Somewhere in the midst of puberty, between braces and driving, the idea that Halloween was about scary stories, candy and carving pumpkins was erased from our memories. Now, Halloween is an excuse to wear a slutty costume, add another drunken episode to your growing list of college mistakes and play beer pong with orange cups instead of red for the night.
Costume-wearers no longer compete in contests of which is the scariest or the most believable, but of which is the sluttiest and least respectable.

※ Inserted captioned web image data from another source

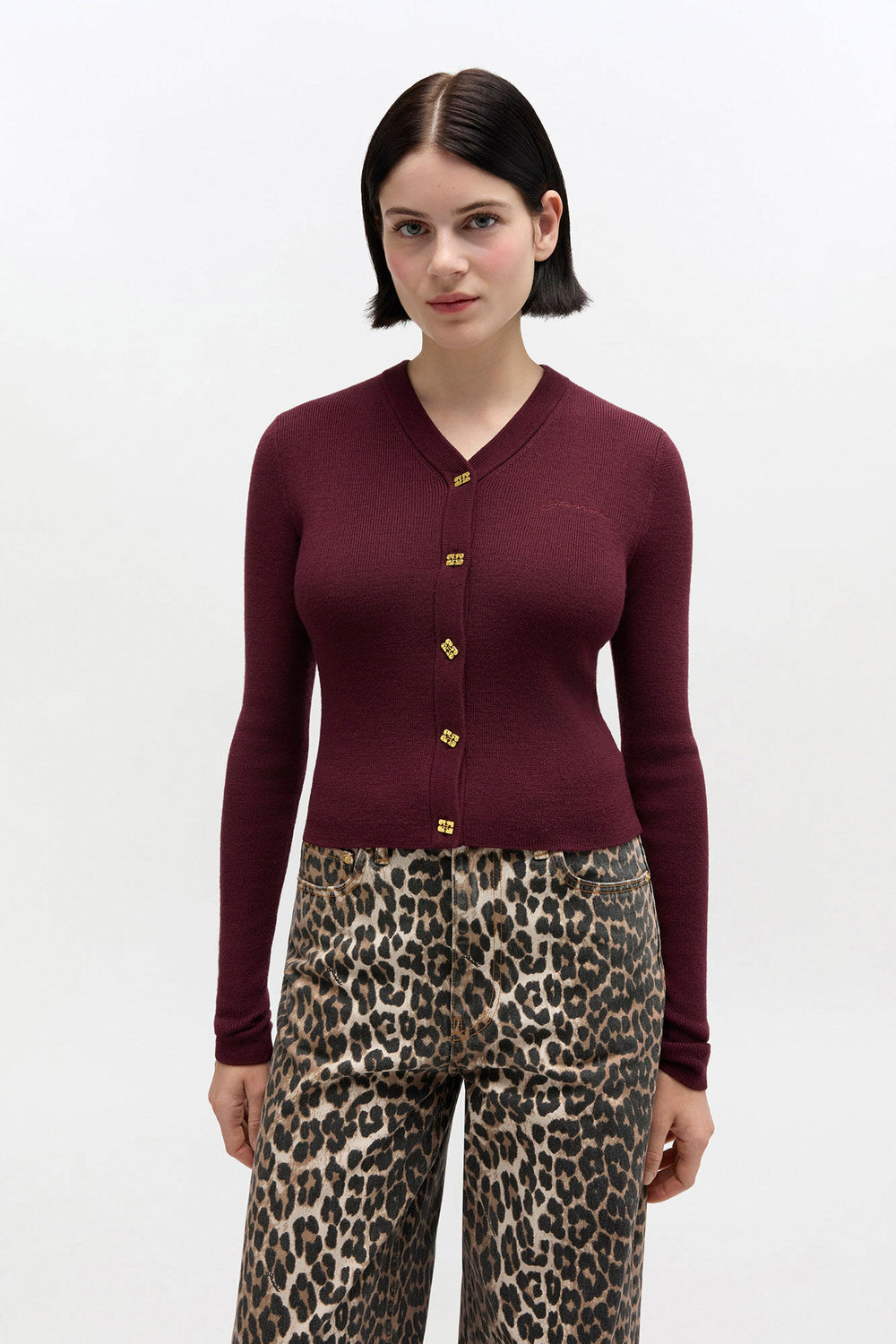 GANNI Online Ribbed V-Neck Cardigan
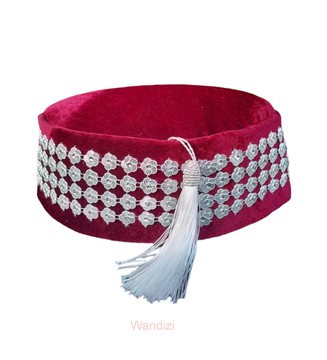 African Velvet Embellished Caps With Tassels, African Mens Hat, African Cap, Wedding Cap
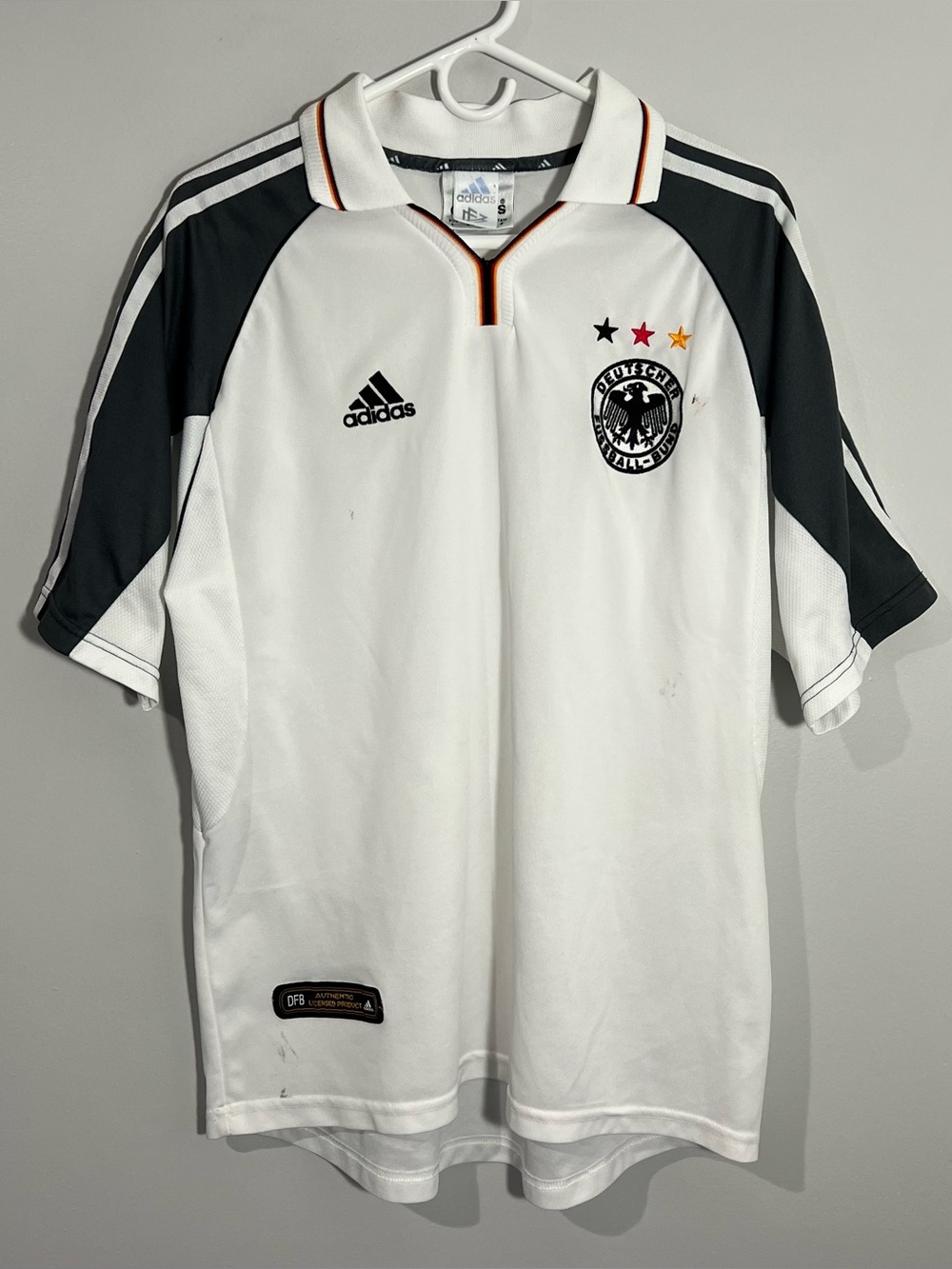 Vintage Adidas Germany National Team White Black Gray Soccer Jersey Mens Large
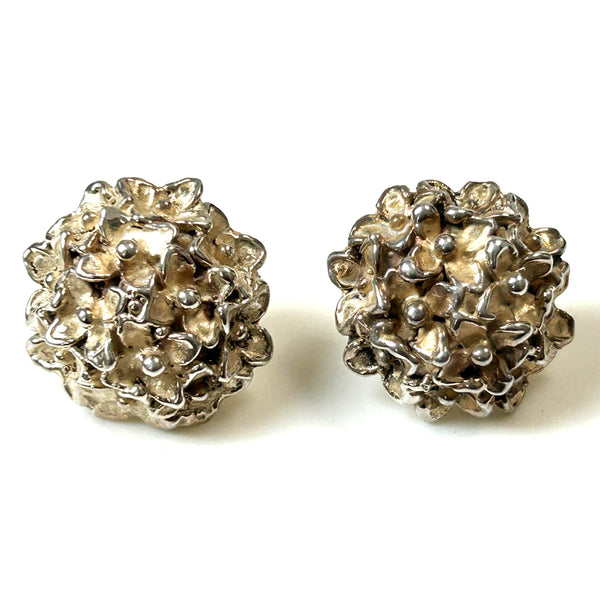 Large Sterling Silver “Flower” Stud Earrings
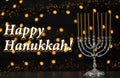 Silver menorah on table. Happy Hanukkah Royalty Free Stock Photo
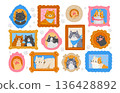 Cat portrait in frame. Cute pet pictures. Cartoon funny interior photos in frames with happy cats, home memory gallery with animal family on wall. Feline characters. Vector set 136428892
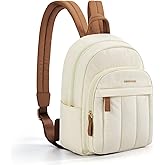 Missnine Mini Small Backpack for Women, 8.6" L×4.3" W×14.4" H, Lightweight Quilted Small Backpack Purses, Puffer Daily Purse Water-resistant Brown+Beige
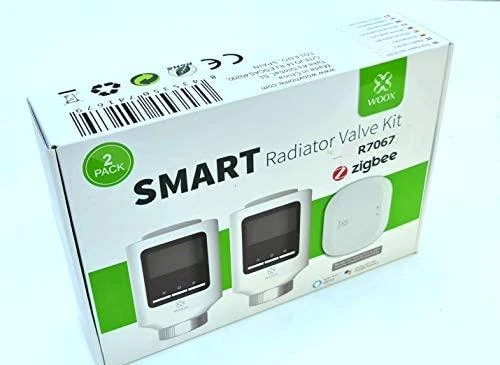Išmanių termostatų komplektas, 2x termostatai + ZigBee - Wi-Fi stotelė, TUYA, valdomas programėle, WOOX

In the parade of familiar costumes, a few overdone ones never fail to make the list. I challenge you to make Halloween more about creativity and candy again by avoiding these horrible ensembles:
Animal
Bunny, tiger, mouse, kitten … they are all the same. Somehow an overwhelming number of girls think that a skimpy black leotard and some sort of headband with makeshift ears make them look like an animal. No. The fact that their leotards are riding up and their ears and fake eyelashes have come off in a daze of drunkenness makes them look like a hot mess — a Tasmanian devil at best, but definitely not a sexy animal.
Construction worker
This has become more popular recently for reasons unknown. Last Halloween, there were countless girls making the walk of shame down Greek Row with nothing but a hard hat and yellow caution tape wrapped around their “not-so-private” areas. Those plastic Bob the Builder hats are for kids trick-or-treating, not for college liquor pounding. Put some clothes on before you catch pneumonia.
Devil
A tight-fitting, revealing red dress, devil horns and a pitchfork are sufficient props for this ensemble. It seems that this costume is mistaken as a way to show that the girl wearing it is naughty or dangerous. What this costume is really telling a guy is not that you are naughty, but that you are easy and crying out for attention.
Schoolgirl
Outside of Britney Spears a la “Baby One More Time,” you’d be hard-pressed to find a schoolgirl who attends classes in a short skirt that reveals her lacy thong and a tied up, see-through blouse that shows her stomach and lacy black push-up bra. It’s also a safe bet that an actual schoolgirl probably makes it through a school day without needing to enhance the outfit with pigtails and fake, thick black glasses with duct tape in the middle. If even B. Spears has let this look go, maybe there’s something else you can do.
Nurse
This is not to say that nurse costumes are always slutty, but they can be. They are also undeniably overdone in the world of Halloween costumes. It’s time to get more creative and ditch the pin-up nurse look. Knock-out nurses looking to sexily take your temperature aren’t common, and I’m also pretty sure real nurses don’t wear fishnet stockings and patent red high heels (or stomp around frat parties either).